— Assigned task —
Restate exactly, and only, the lines from the one with "Frank Moore Cross" through the end of the data, with both of those end lines kept. Drop any pictures.

— Data extract —
= = = =

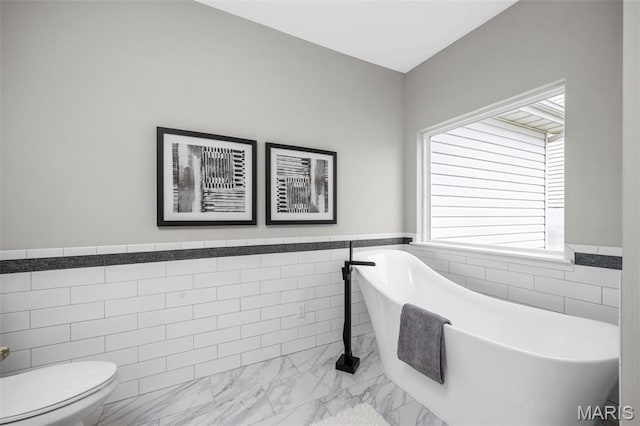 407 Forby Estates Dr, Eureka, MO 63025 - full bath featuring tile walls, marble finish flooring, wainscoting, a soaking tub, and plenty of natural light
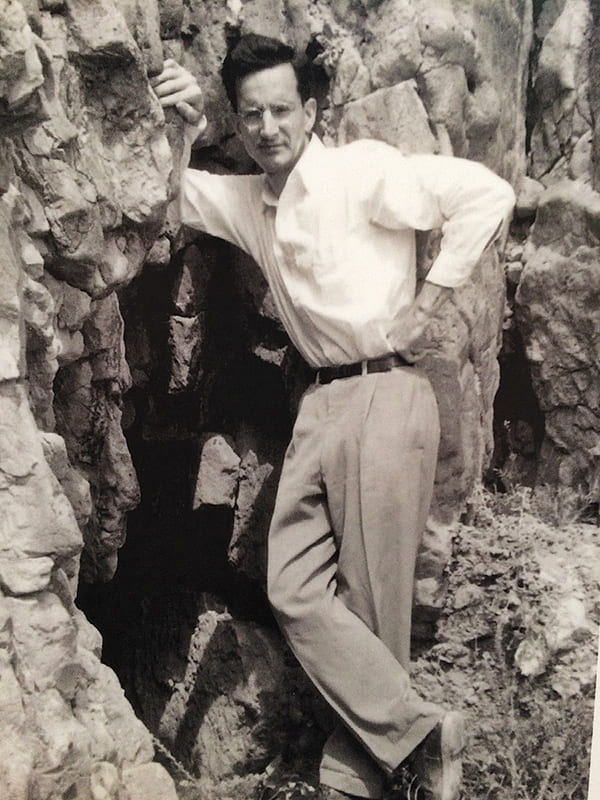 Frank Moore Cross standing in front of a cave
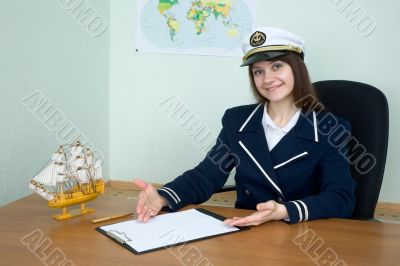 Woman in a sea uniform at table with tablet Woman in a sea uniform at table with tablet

= = = =

— Solution for this task —
 Frank Moore Cross standing in front of a cave
 Woman in a sea uniform at table with tablet Woman in a sea uniform at table with tablet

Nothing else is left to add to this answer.